Then my father seized me and lifted me back into the air. I coughed up water for some minutes, and my mother was very angry with my father for his mistake. Even then, it seems to me in the wavery warps of this memory, I took my father's side; he was, after all, trying to teach me to swim, a paternal duty, and it was just bad luck, a second's slip-up, that in fact he delayed my learning for several decades. Part of our problem, that traumatic summer day, was that we had little experience of swimming pools; not only did we have no pool ourselves, but no one in our neighborhood or circle of acquaintance did, in that blue-collar Depression world. We were not country-club people. It is a mystery to me how we found ourselves at that particular pool, in bathing suits. Nor do I know exactly how old I was—small enough to be trusting but big enough to surprise my father with my sudden weight.
Henceforth I knew what it was like to look through a chain-link fence at a public pool, its seethe of naked bodies in the sunshine, and inhale its sharp scent of chlorine, but not to swim in one. At the local YMCA, the pool was a roofed-in monster whose chlorinated dragon-breath, amplified by the same acoustics that made voices echo, nearly asphyxiated me with fear. Aged twelve or thirteen now, I tried to immerse my face in the water as the instructor directed, but it was like sticking my hand into fire; nothing could override my knowledge that water was not my element and would kill me if it could.
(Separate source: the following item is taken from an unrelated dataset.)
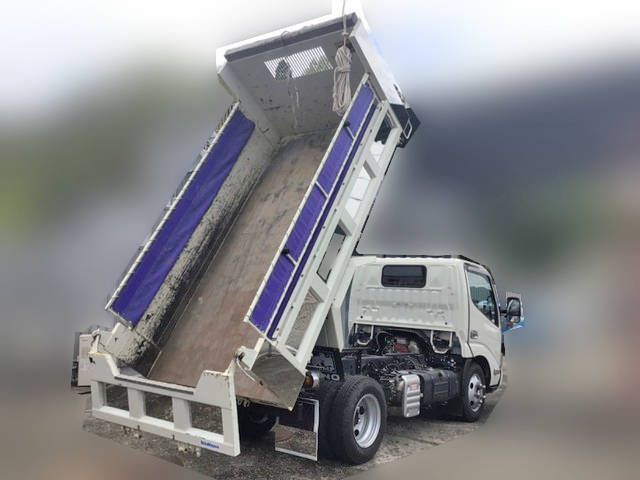 中古ダンプ 日野 兵庫・山口・大阪 デュトロ（2RG-XZU630T）（6,275kg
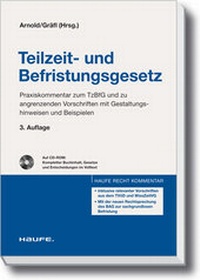 Abbildung von: Teilzeit- und Befristungsgesetz - Haufe-Lexware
At college five years later, where one had to pass a swimming test to graduate, I managed a froggy backstroke the length of the pool, my face straining upward out of the water while a worried-looking instructor kept pace at the poolside with a pole for me to grab in case I started to sink. I think I did sink, once or twice, but eventually passed the test, and stayed dry for years.
In the movies of my adolescence, Esther Williams smiled through the hateful element, using it to display her rotating body, but other movies, glorifying our wartime navy, showed sinking ships and sputtering submarines. One of my nightmares was of being trapped belowdecks and needing to force myself through adamant darkness toward air and light. My lungs felt flooded at the thought; my hydrophobia extended to a fear of choking, of breathlessness. Life seemed a tight passageway, a slippery path between volumes of unbreathable earth and water.
And yet, graduating from college, I took the Coronia to England, and contemplated the ocean calmly from the height of the deck, and slept behind a sealed porthole. Adulthood strives to right the imbalance of childhood, and to soothe its terrors. My fear of water eased as, in my mid-twenties, I moved with my wife and children to a seaside town. Paternity itself, with its vicarious dip into the amniotic fluids, made me braver, and the salty buoyance and the shoreward push of seawater were marked improvements over perilously thin fresh water. We bought a house by a saltwater creek in the marshes, and that was better yet; I plunged into our private piece of creek as if I were one with the grasses, the muddy banks, the drifting current, the overhead vapory clouds—one with the water, my body mostly water. By middle age I had learned to swim and take pleasure in it, but still tended to float on my back, and to keep my face averted from the murky, suffocating depths beneath me.